§ **Raw data**

═══

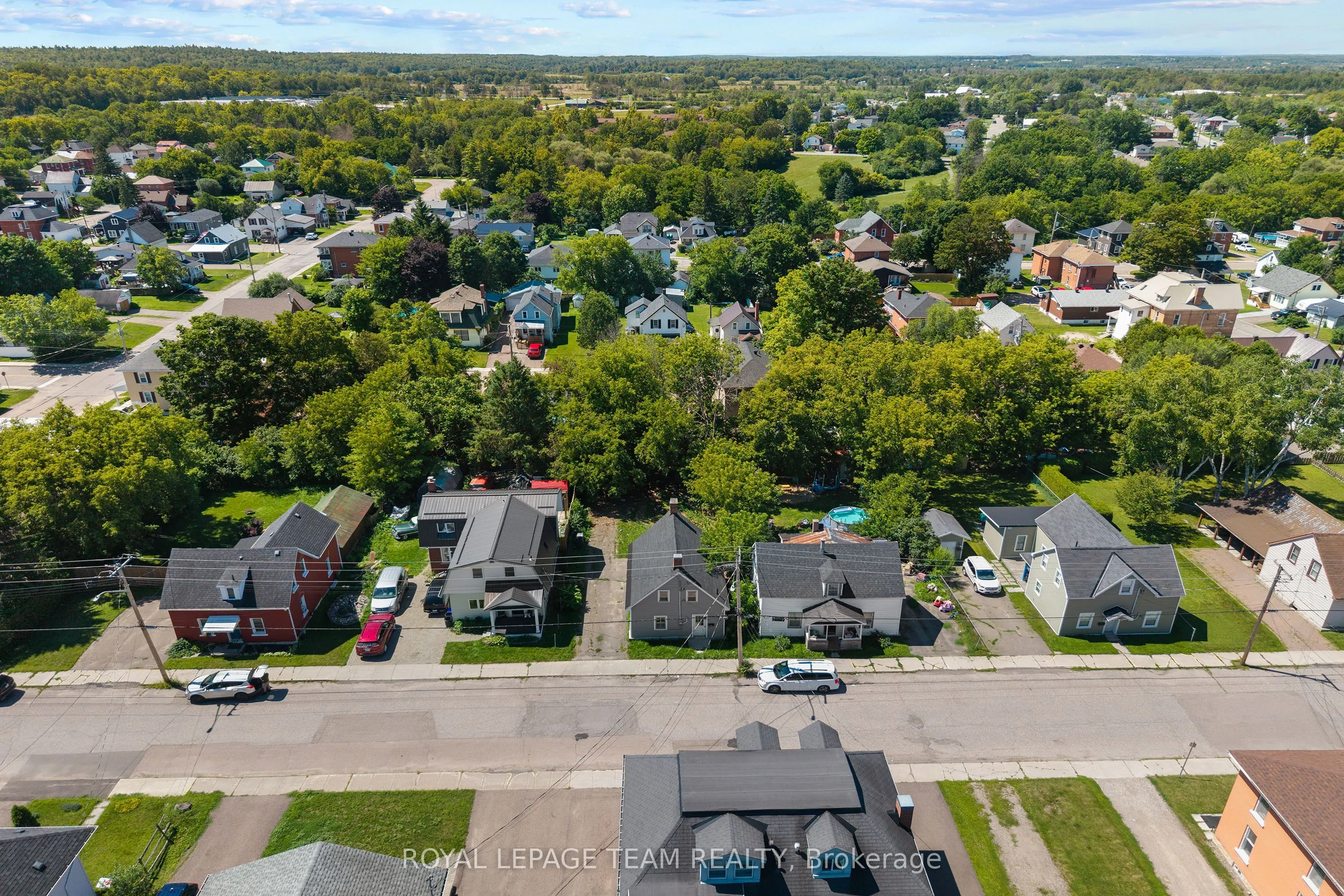 42 Bonnechere Street S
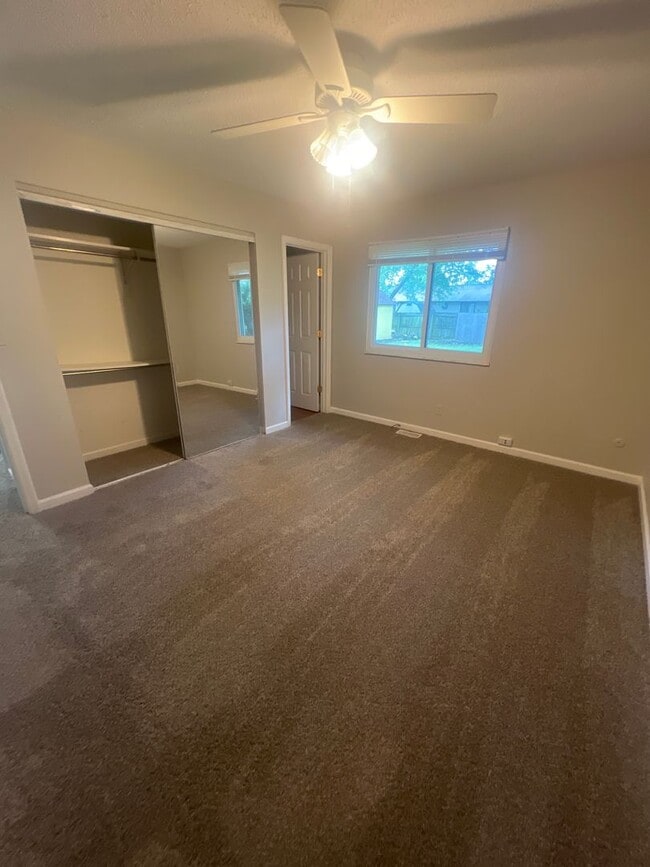 Building Photo - Move in Ready!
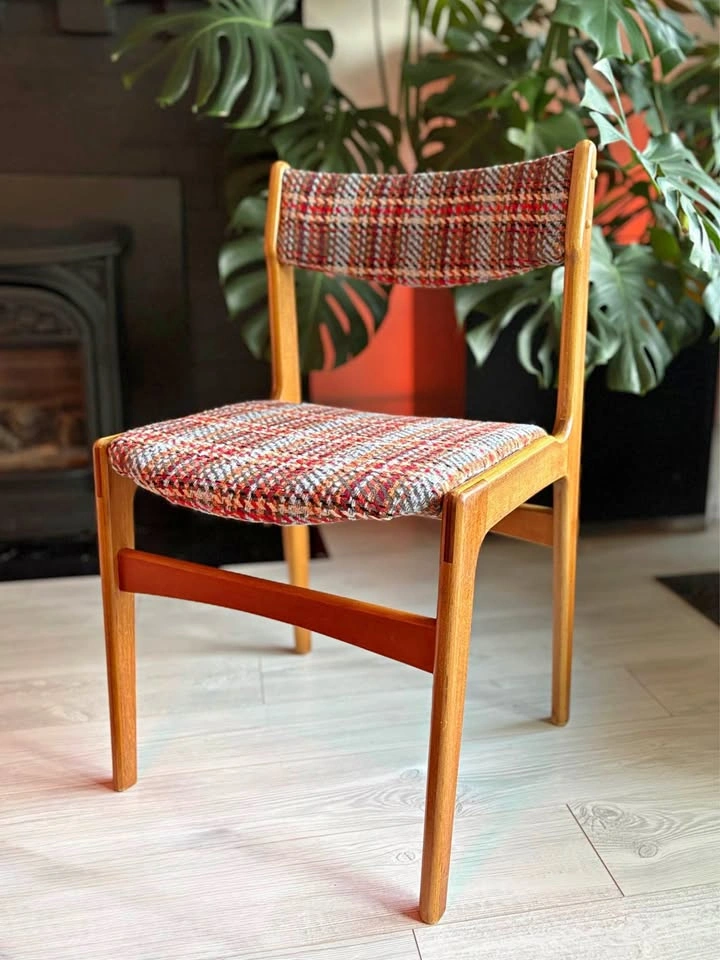 VINTAGE DANISH TEAK MCM SET OF 4 DINING CHAIRS!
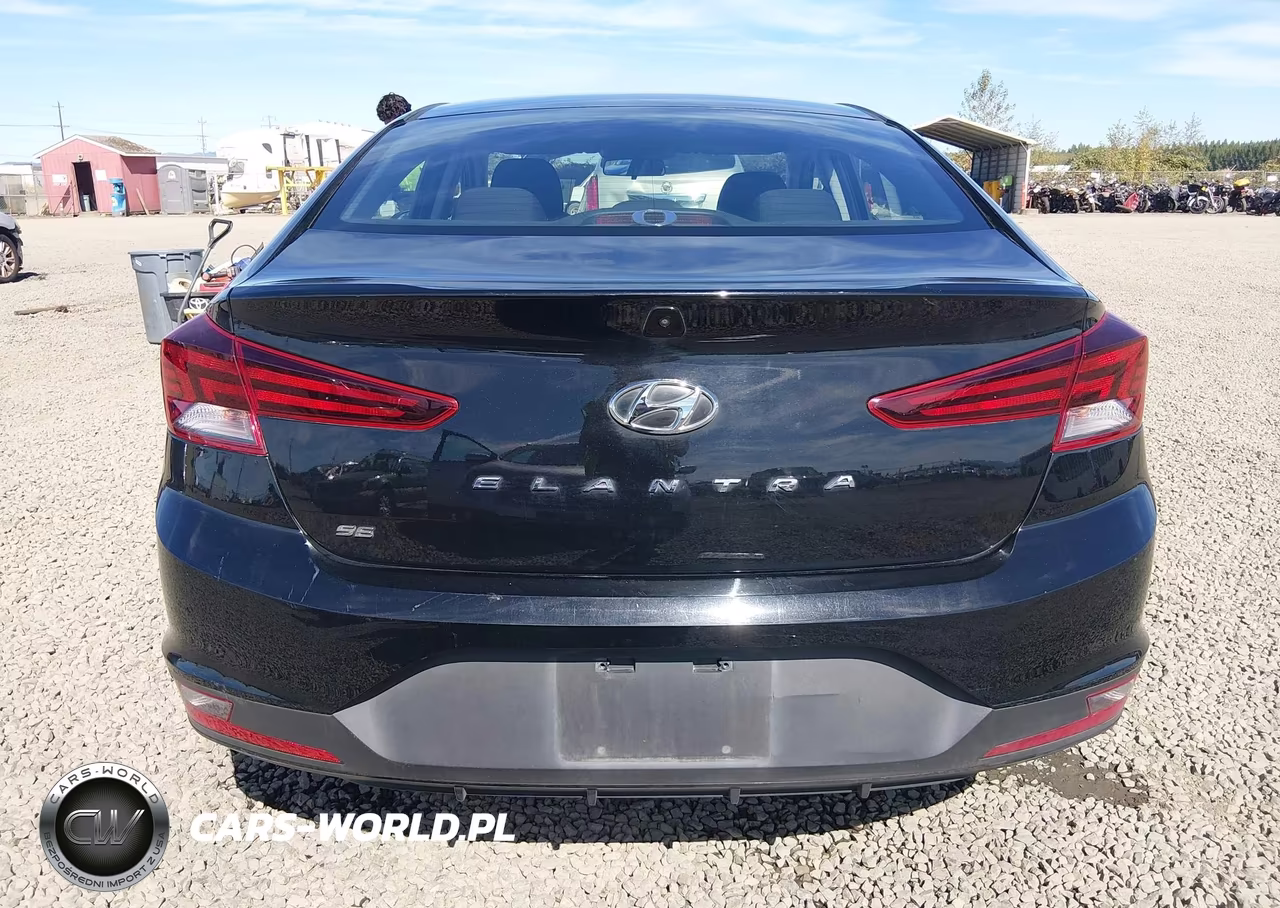 2019 Hyundai Elantra Se VIN:5NPD74LF2KH450257 - 16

═══

§ **Task to complete**
Every line above should be printed again word for word, without its pictures.

§ **Completed exercise**
 42 Bonnechere Street S
 Building Photo - Move in Ready!
 VINTAGE DANISH TEAK MCM SET OF 4 DINING CHAIRS!
 2019 Hyundai Elantra Se VIN:5NPD74LF2KH450257 - 16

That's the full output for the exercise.